__Supplied records__
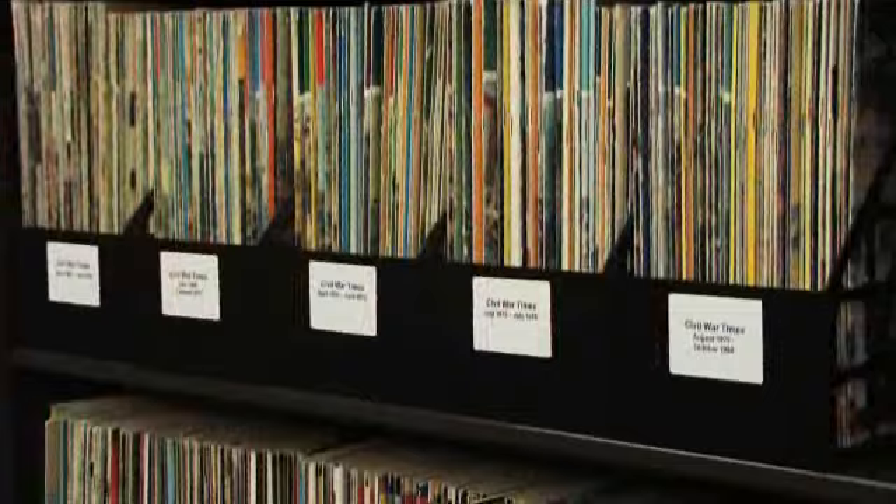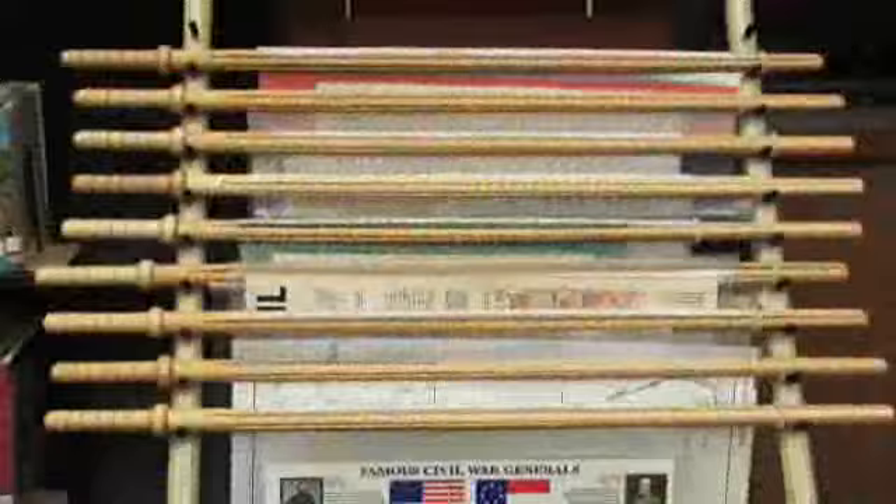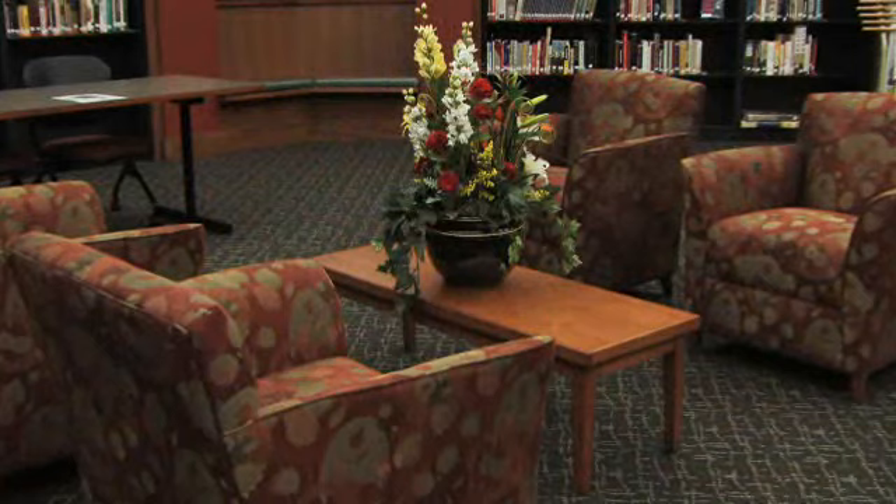maps, music recordings, and computer terminals, all designed to assist students, researchers, and genealogists in finding more information on Civil War soldiers, civilians, battles, and historic sites.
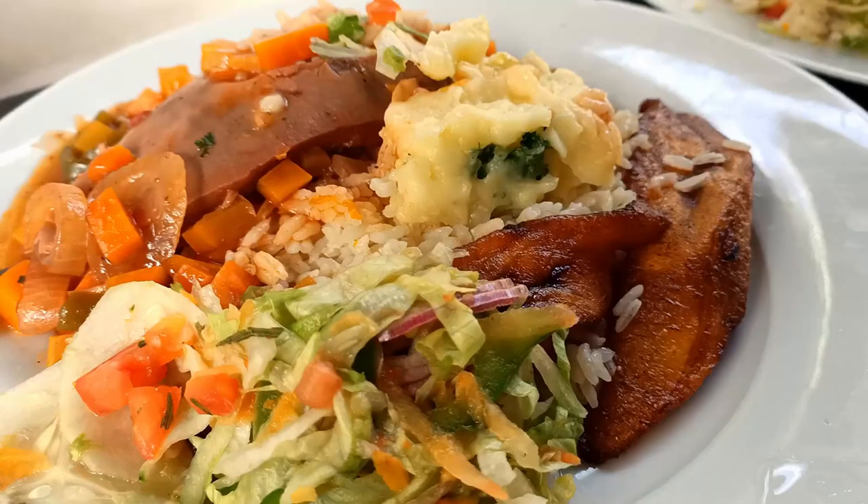Just poured our lunch today and I didn't tell John, but one of the dishes is tongue. So let's see how it goes.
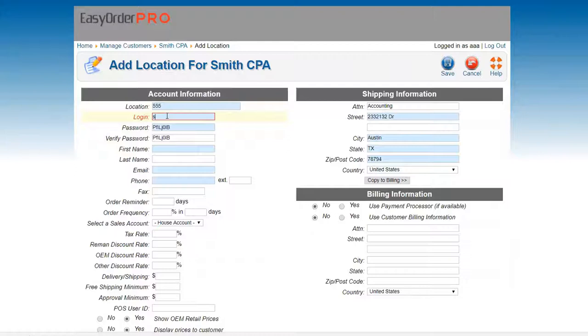If it's just one location, you keep the location name the same and the system will treat it as one location. But if you want a secondary location, you could do Austin or store number 555. Then I'm going to do a quick login — Smith CPA. You just give them a login based off the company name. They really won't ever have to use this username and password because of the desktop icon feature we have.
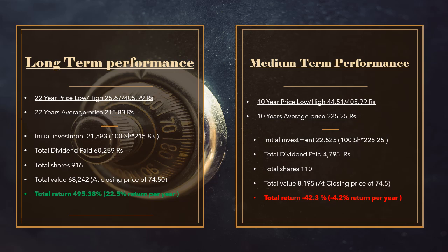The total number of shares is 110, and the last day closing price is 74.50. The total investment value is 8,195. In 10 years, this represents a 42.3% loss and a year-on-year negative return of 4.2% for shareholders on their initial investment.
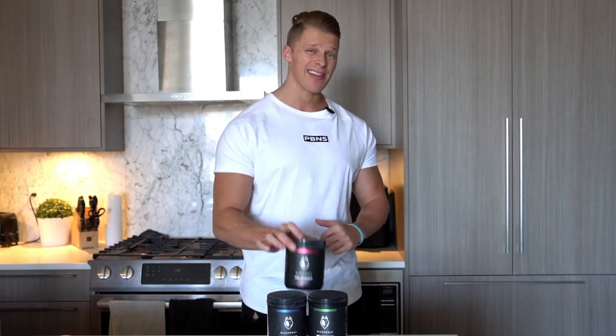Hey, what's going on guys? My name is Charlie Meister and I am an athlete with Black Wolf Pre-Workout. I've been training myself for about 10 years now and I've been an online personal trainer since 2018. Over those years I've been able to help transform hundreds of people's bodies through fat loss, building muscle, or total body recomposition, and I found a pretty common trend when it comes to both training and nutrition.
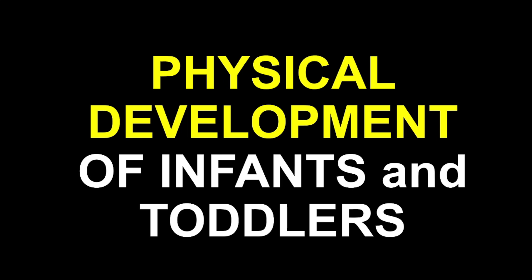Good day, everyone. Today, we're diving into a topic that's central to your journey as future teachers: understanding physical and motor development in infants and toddlers. We will also cover physical and motor development among preschoolers, late childhood, and the adolescence stage. As teachers, you'll be witnessing the amazing growth of children, both physically and cognitively. But what does it mean when we say a child is growing, and how can we recognize these signs? Let's get started.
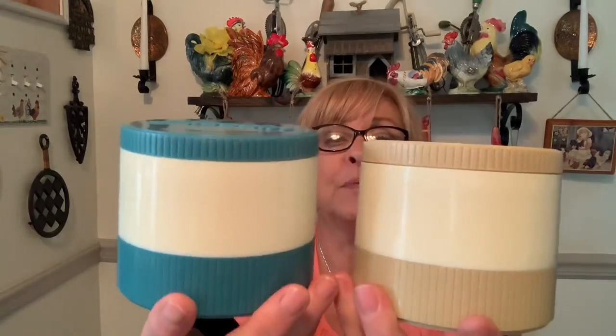I grabbed these two vintage Aladdin — I think they're six-ounce, yes, six U.S. ounces — insulated thermos jars. I grabbed both of them and they're in excellent condition. These are really nice to bring soup, chili, or stew to work, so I snapped those up.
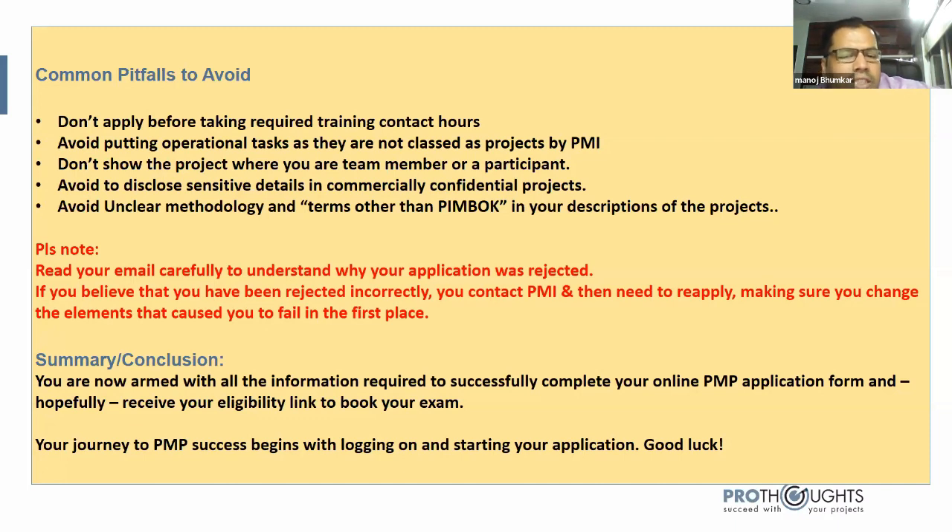Taking these points together, this information should help you successfully complete your online PMP application form and hopefully receive your eligibility link to book your exam. After avoiding these pitfalls and following these tips, your PMP journey success begins with logging in and starting your application. Good luck to all of you.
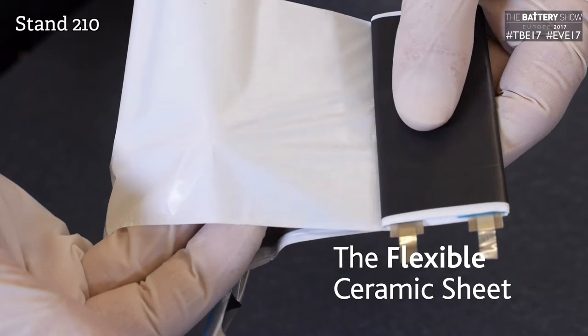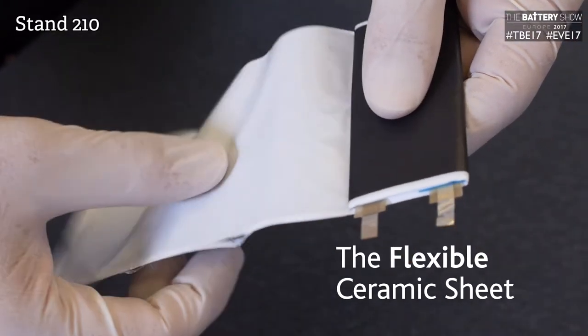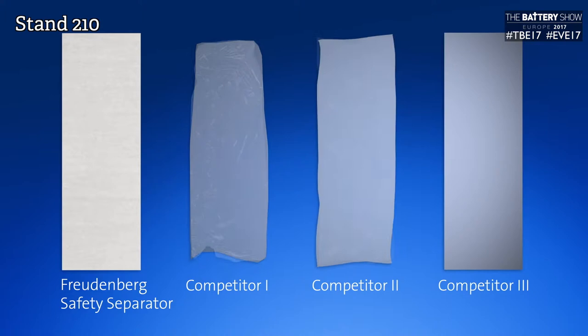What new products or services are you showcasing here? Freudenberg Performance Materials developed a new separator — the safety separator — which has a ceramic sheet technology.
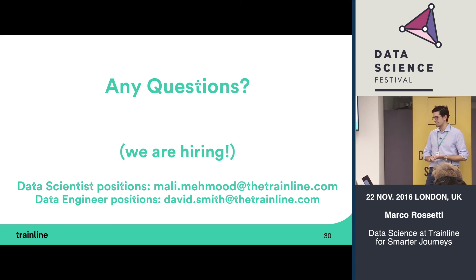I spoke about BusyBot, hotel recommendations, and search prediction, but there are many other things we're doing around delays, prices, personalization, and real-time information. We are hiring — if you're looking for a data scientist or data engineer position, please get in touch with our HR team or with me or the other Trainline people in the room.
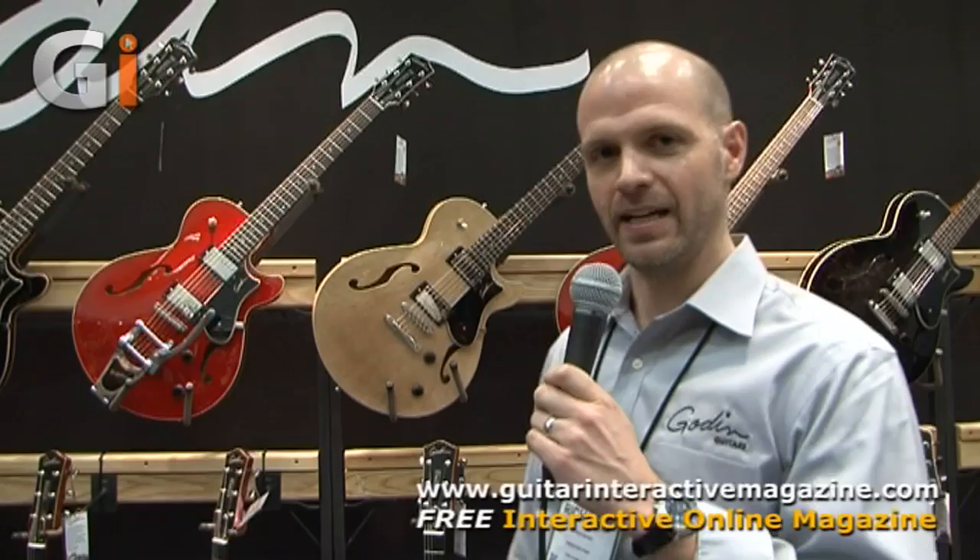Hi there, my name is Richard Bunz. You're here at NAMM 2013 in the Godin booth. New for NAMM this year, we have a Godin Montreal Premier, which is a thin-line electro semi-hollow body electric.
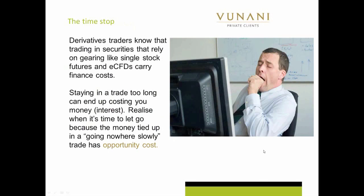I know it's very difficult for a lot of traders to close a trade because every trade is emotional and everyone has such great potential. But derivative traders know that trading securities that rely on gearing, like single stock futures and ECFDs, carry finance costs.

__Task item__
Repeat word for word the lines from the one holding "Hi there, my" through the last line of the listing above, including both ends. Drop the pictures.

__Expected answer__
Hi there, my name is Richard Bunz. You're here at NAMM 2013 in the Godin booth. New for NAMM this year, we have a Godin Montreal Premier, which is a thin-line electro semi-hollow body electric.
I know it's very difficult for a lot of traders to close a trade because every trade is emotional and everyone has such great potential. But derivative traders know that trading securities that rely on gearing, like single stock futures and ECFDs, carry finance costs.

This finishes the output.